Copy out exactly the lines spanning the line with "The reserved word" to the line with "Go to Chrome", inclusive, from the data underneath, with no pictures.

Study material:
=== Begin Enclosure ===

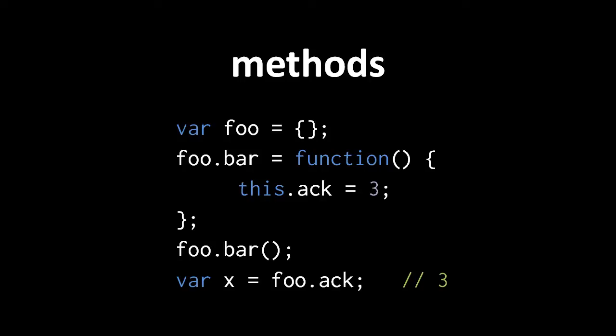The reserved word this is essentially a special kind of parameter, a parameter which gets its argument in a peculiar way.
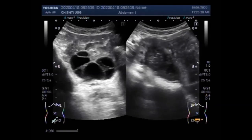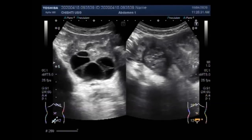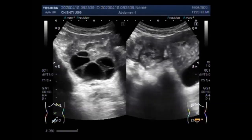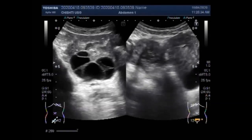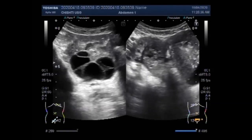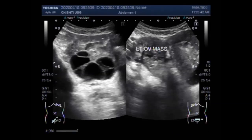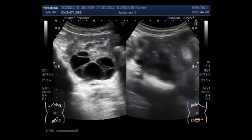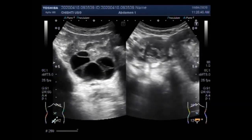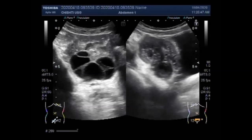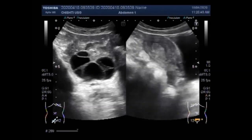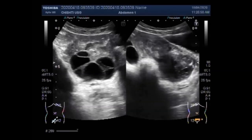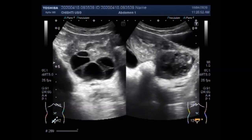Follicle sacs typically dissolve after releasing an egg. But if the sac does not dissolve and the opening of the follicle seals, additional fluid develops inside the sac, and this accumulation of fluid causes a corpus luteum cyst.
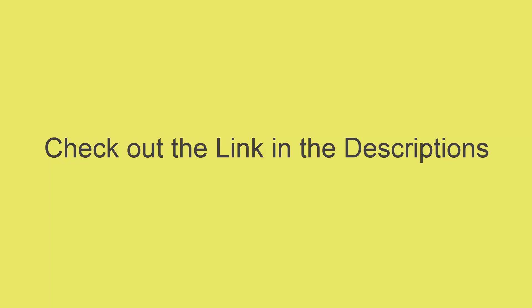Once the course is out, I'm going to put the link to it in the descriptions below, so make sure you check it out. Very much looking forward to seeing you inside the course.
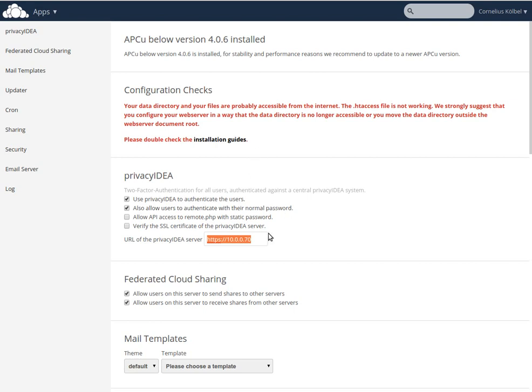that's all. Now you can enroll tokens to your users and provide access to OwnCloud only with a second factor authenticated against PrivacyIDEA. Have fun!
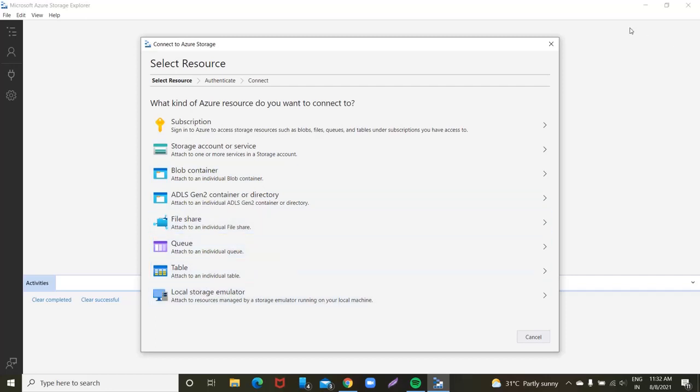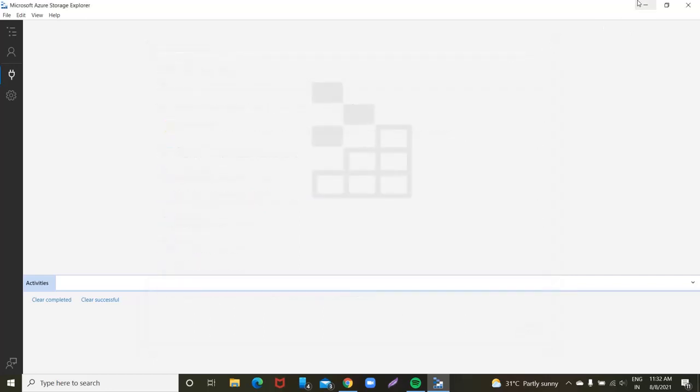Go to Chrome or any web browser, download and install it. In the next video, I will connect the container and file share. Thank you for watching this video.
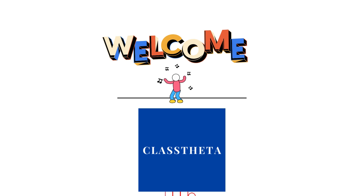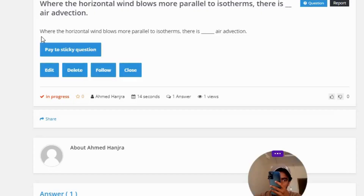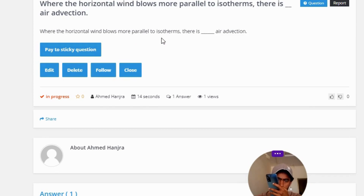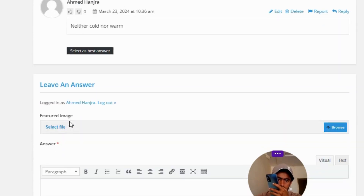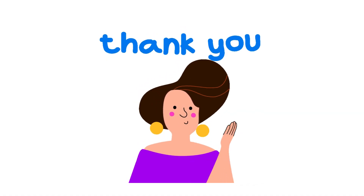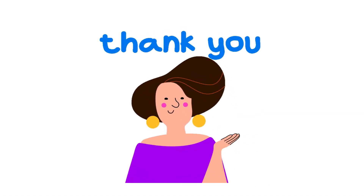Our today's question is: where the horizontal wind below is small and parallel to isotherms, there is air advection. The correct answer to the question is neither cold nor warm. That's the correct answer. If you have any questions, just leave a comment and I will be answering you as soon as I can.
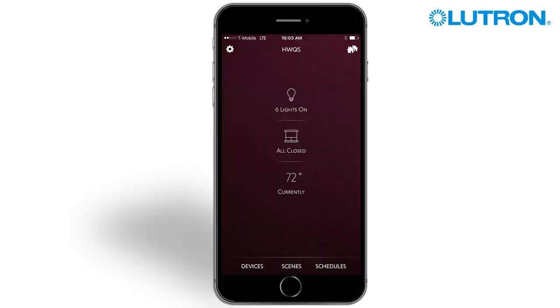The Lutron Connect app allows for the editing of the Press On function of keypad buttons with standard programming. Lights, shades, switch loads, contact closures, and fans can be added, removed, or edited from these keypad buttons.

=== End Enclosure ===
=== Begin Enclosure ===

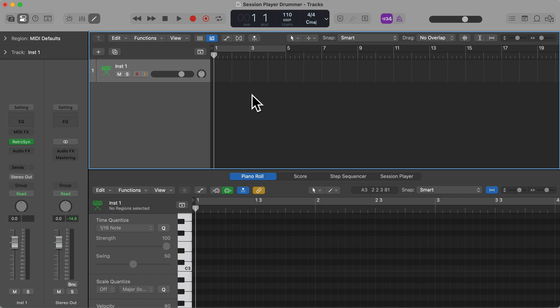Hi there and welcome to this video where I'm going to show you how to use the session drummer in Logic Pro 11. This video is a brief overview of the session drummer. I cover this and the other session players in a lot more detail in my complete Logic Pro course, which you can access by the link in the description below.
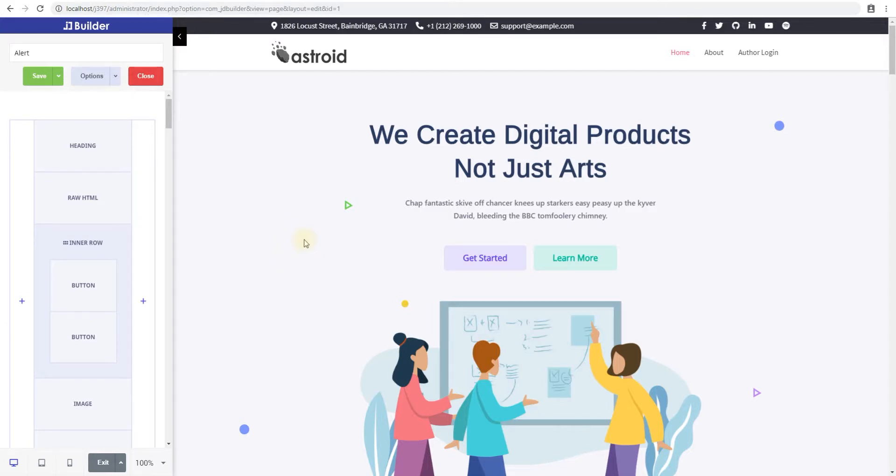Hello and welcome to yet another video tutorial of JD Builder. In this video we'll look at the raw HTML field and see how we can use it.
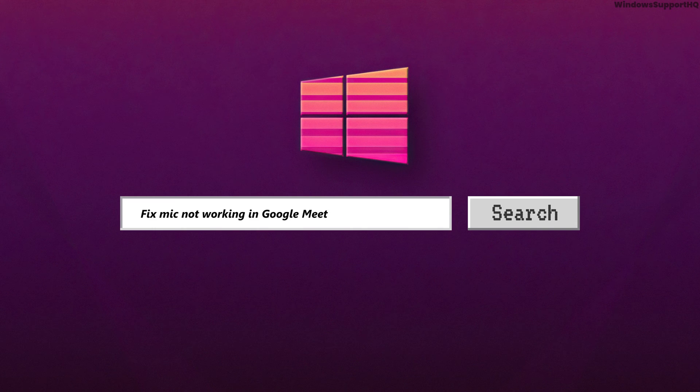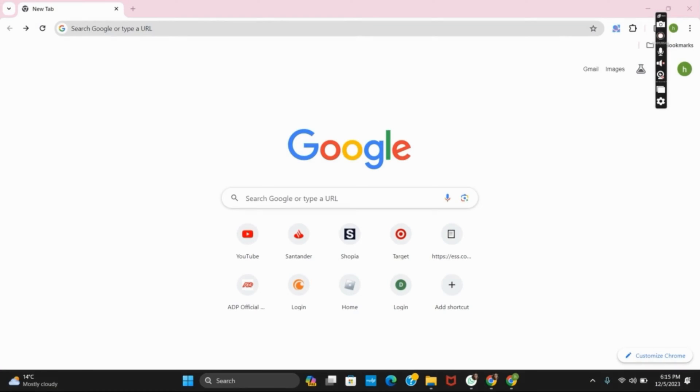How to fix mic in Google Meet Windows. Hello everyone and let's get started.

=== End Enclosure ===

Task answer:
The reserved word this is essentially a special kind of parameter, a parameter which gets its argument in a peculiar way.
Follicle sacs typically dissolve after releasing an egg. But if the sac does not dissolve and the opening of the follicle seals, additional fluid develops inside the sac, and this accumulation of fluid causes a corpus luteum cyst.
Once the course is out, I'm going to put the link to it in the descriptions below, so make sure you check it out. Very much looking forward to seeing you inside the course.
that's all. Now you can enroll tokens to your users and provide access to OwnCloud only with a second factor authenticated against PrivacyIDEA. Have fun!
Go to Chrome or any web browser, download and install it. In the next video, I will connect the container and file share. Thank you for watching this video.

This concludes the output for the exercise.